Start of Provided records

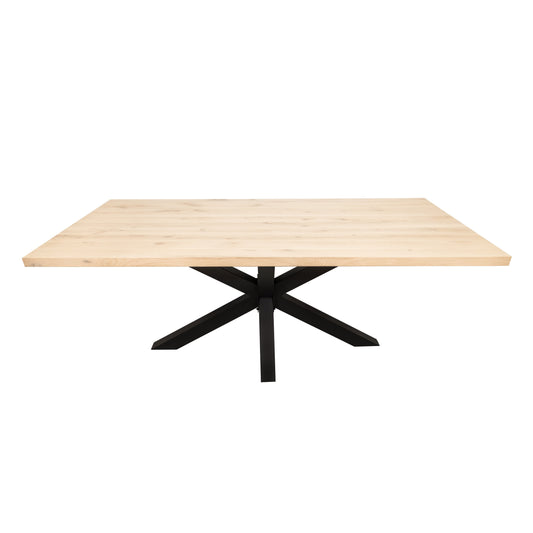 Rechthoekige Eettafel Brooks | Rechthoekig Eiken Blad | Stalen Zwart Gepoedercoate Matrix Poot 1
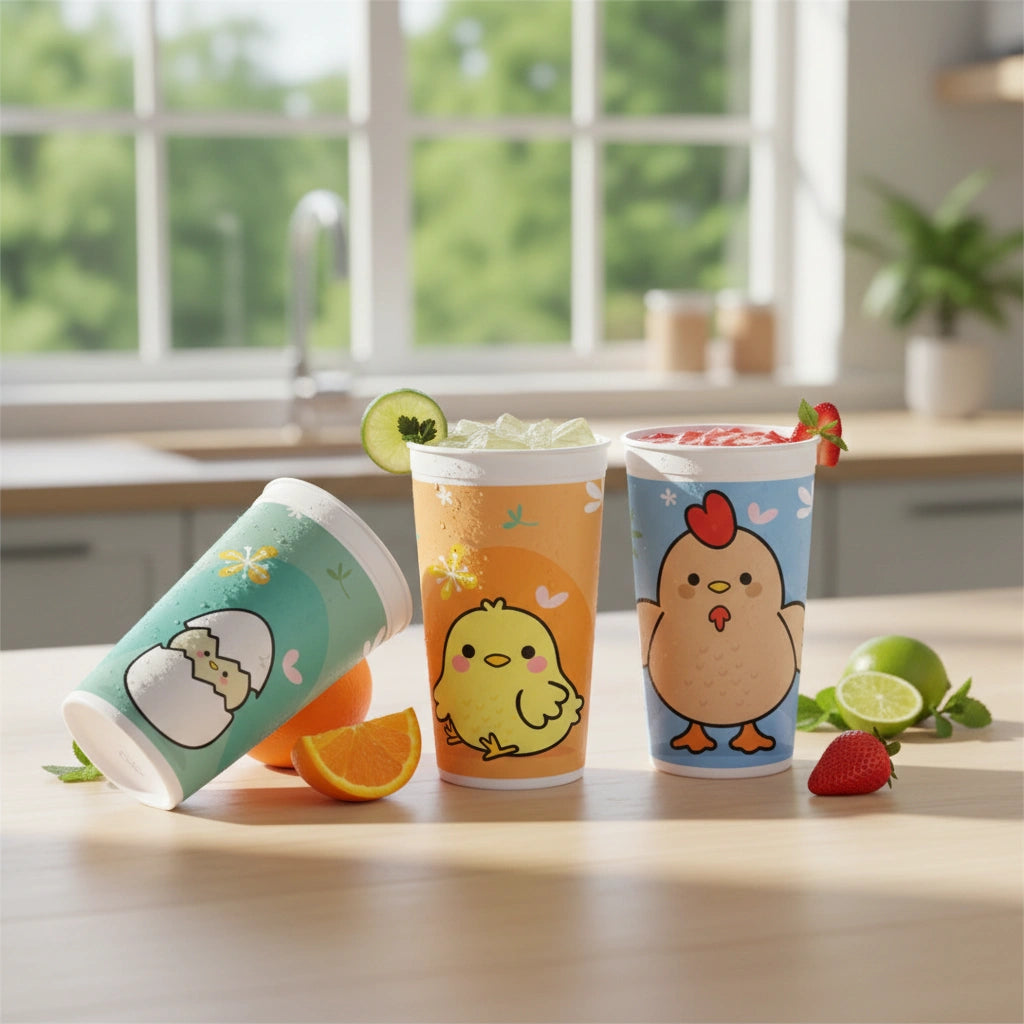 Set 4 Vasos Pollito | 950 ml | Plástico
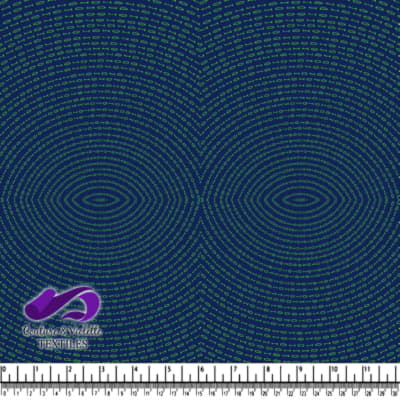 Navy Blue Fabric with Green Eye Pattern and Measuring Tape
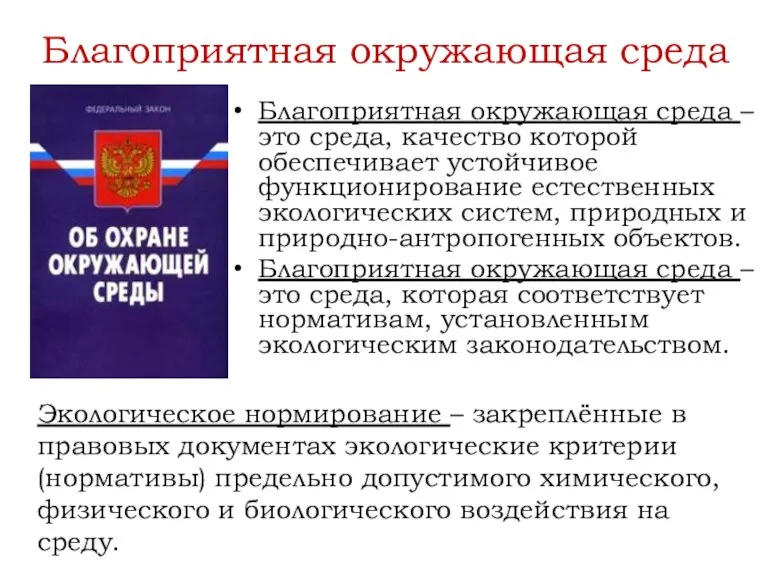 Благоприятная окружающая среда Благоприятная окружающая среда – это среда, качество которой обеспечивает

End of Provided records
Start of Provided records

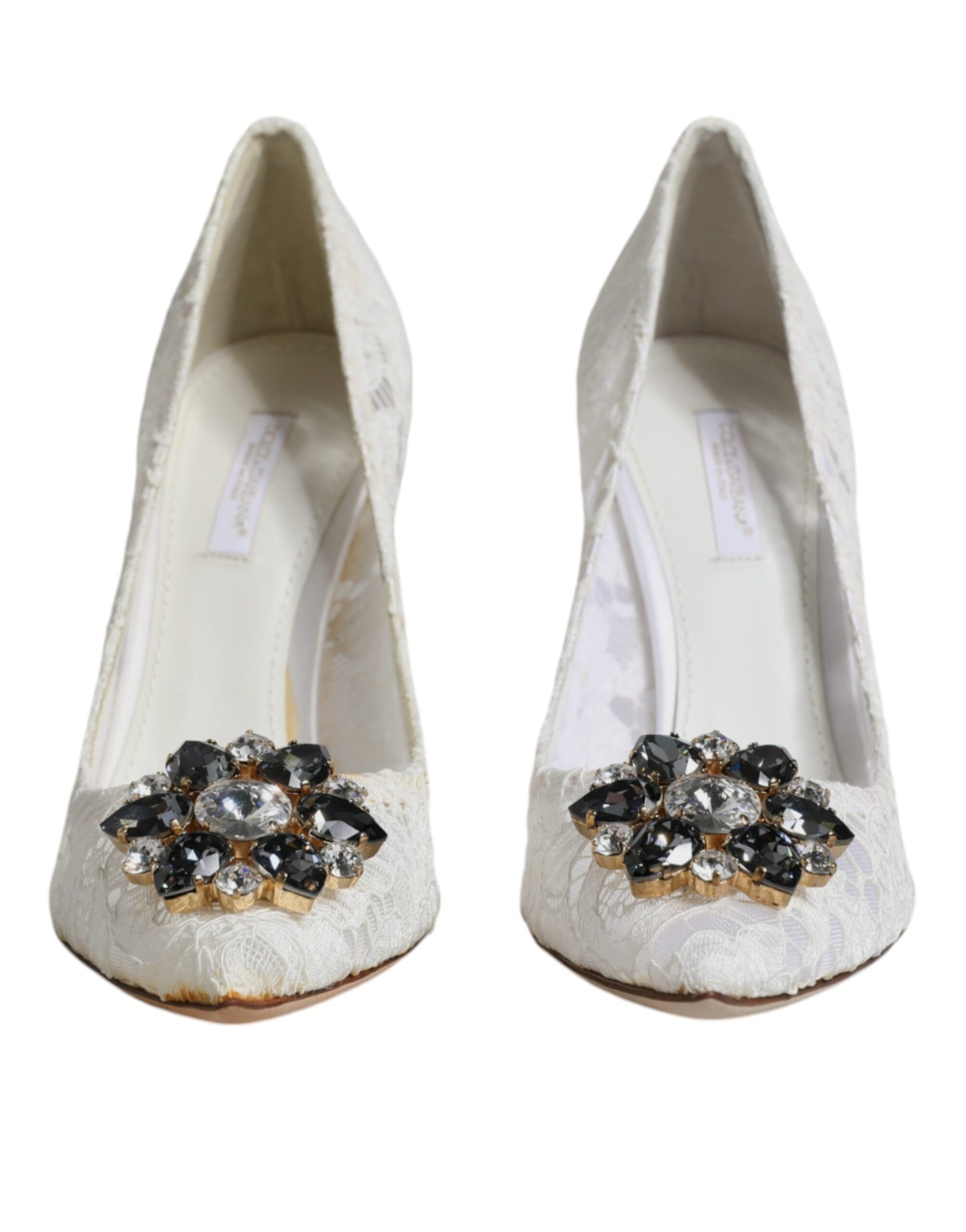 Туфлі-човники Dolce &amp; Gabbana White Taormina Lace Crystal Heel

End of Provided records

Copy nothing but the lines above from the one with "Rechthoekige Eettafel Brooks" to the one with "Благоприятная окружающая среда Благоприятная", inclusive, word for word. Leave every picture out.

 Rechthoekige Eettafel Brooks | Rechthoekig Eiken Blad | Stalen Zwart Gepoedercoate Matrix Poot 1
 Set 4 Vasos Pollito | 950 ml | Plástico
 Navy Blue Fabric with Green Eye Pattern and Measuring Tape
 Благоприятная окружающая среда Благоприятная окружающая среда – это среда, качество которой обеспечивает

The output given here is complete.